More Latinas are also participating in the labor force, according to Kugler. Male Hispanic workers were disproportionately affected by the recession as they were more likely to work in construction, manufacturing and other industries devastated by the economic downturn. Layoffs in these industries led to Hispanic women joining the workforce, she said.
But for Algernon Austin, director of the Economic Policy Institute’s Program on Race, Ethnicity and the Economy, the employment situation for Latinos is one of stagnation. He closely tracks the employment-population ratio, or the percentage of the adult population who has a job. For Hispanics, it was 60 percent in October, the same number it was a year ago, according to the Labor Department.

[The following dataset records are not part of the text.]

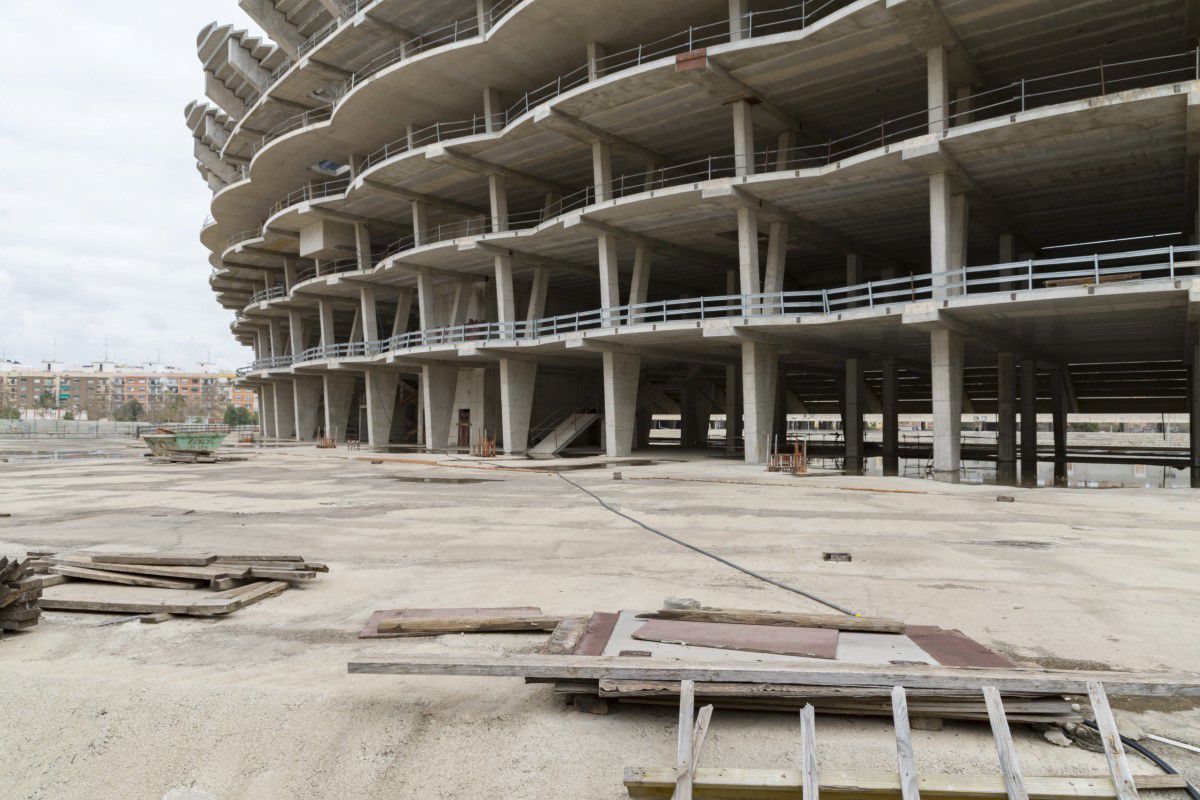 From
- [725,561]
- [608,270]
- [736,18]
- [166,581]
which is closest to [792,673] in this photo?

“You want to see that number increasing and that will be a true indicator of improved labor market conditions,” he said. “The bright spot is that we are no longer heading downward, but we really aren’t seeing strong job growth.”
MEDIAN HOUSEHOLD INCOME
Household incomes are still below their pre-recession levels for both Hispanics and the entire country.

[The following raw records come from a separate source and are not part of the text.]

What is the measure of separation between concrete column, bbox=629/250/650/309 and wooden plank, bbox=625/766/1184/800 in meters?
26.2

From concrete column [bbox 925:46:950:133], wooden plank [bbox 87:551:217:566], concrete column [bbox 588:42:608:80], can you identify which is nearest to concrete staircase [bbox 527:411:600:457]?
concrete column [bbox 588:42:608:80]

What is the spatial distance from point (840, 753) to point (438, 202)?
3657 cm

The median household income for Hispanics was $39,005 last year, 9 percent lower than in 2007, a year before the recession, according to the Census Bureau. The U.S. median household income was $51,017 in 2012, down 8 percent from 2007.
BUSINESS OWNERSHIP
Overall, the number of Hispanic-owned businesses is projected to reach 3.16 million this year, a nearly 40 percent increase since 2007, according to a report by the U.S. Hispanic Chamber of Commerce and Geoscape.
While construction and other trades once dominated business startups, the sectors now seeing the fastest growth are technology and professional services firms, according to Javier Palomarez, President and CEO of the U.S. Hispanic Chamber of Commerce. And within this segment, businesses owned by Latinas are leading the growth.

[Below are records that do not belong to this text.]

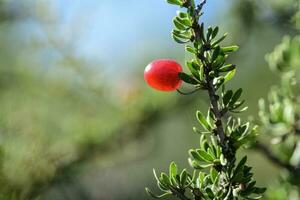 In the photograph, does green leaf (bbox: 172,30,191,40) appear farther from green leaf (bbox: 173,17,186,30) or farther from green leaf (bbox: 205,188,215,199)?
green leaf (bbox: 205,188,215,199)

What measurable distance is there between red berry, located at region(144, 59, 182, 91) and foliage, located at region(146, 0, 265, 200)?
64 millimetres

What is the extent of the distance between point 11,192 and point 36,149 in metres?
0.29

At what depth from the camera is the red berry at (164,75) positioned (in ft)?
2.11

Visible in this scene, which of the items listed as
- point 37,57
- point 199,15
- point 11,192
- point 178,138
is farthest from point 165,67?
point 178,138

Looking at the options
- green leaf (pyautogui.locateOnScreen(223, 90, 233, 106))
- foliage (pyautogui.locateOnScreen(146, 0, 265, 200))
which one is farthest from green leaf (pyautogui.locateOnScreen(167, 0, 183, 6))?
green leaf (pyautogui.locateOnScreen(223, 90, 233, 106))

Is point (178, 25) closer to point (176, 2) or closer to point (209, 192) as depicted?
point (176, 2)

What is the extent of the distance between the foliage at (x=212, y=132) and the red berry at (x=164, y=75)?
0.21ft

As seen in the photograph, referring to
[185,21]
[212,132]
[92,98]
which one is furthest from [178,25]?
[92,98]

“Hispanic women are at the forefront in technology and professional services,” Palomarez said.
HOMEOWNERSHIP RATE
Homeownership has been declining nationally after the housing collapse threw in flux the American dream of owning a home. The Hispanic home ownership rate in the third quarter was 48 percent, up from 46 percent in the second quarter, but well off a peak of 50 percent hit in 2008, according to the Census Bureau. The overall U.S. home ownership was 65 percent in the third quarter.
The drop in the share of Hispanics who own their homes is because most families bought houses at the peak of the boom and thus saw the biggest price declines after the crash, said Fernando Ferreira, a real estate and economics professor at the Wharton School at the University of Pennsylvania.
“Those families were deep into negative equity and their mortgages were more than the value of their homes,” Ferreira said. “I don’t think home ownership will increase in the short term because financial constraints are too big and Hispanics are still suffering a few bad effects from the crisis.”
But renting may be a safer bet for some families.
“Renting is a much better option than being a homeowner for families that don’t have stable incomes,” Ferreira said. “Transaction costs are less and it’s much easier to downsize the house.”
An increase in the supply of homes from new construction of multi-family buildings and investors turning previously-owned homes into rental units should stem the tide of rising rents we’ve seen over the past five years, Ferreira said.
POVERTY RATE
The poverty rate among Hispanics ticked down to 26 percent last year from a post-recession high of 27 percent in 2010. Still, this is five percentage points higher than the 2006 low of 21 percent and nearly double America’s poverty rate of 15 percent in 2012.
“These are the groups that may suffer permanent scars,” Kugler said. “The danger is in these households getting stuck in an intergenerational poverty trap.”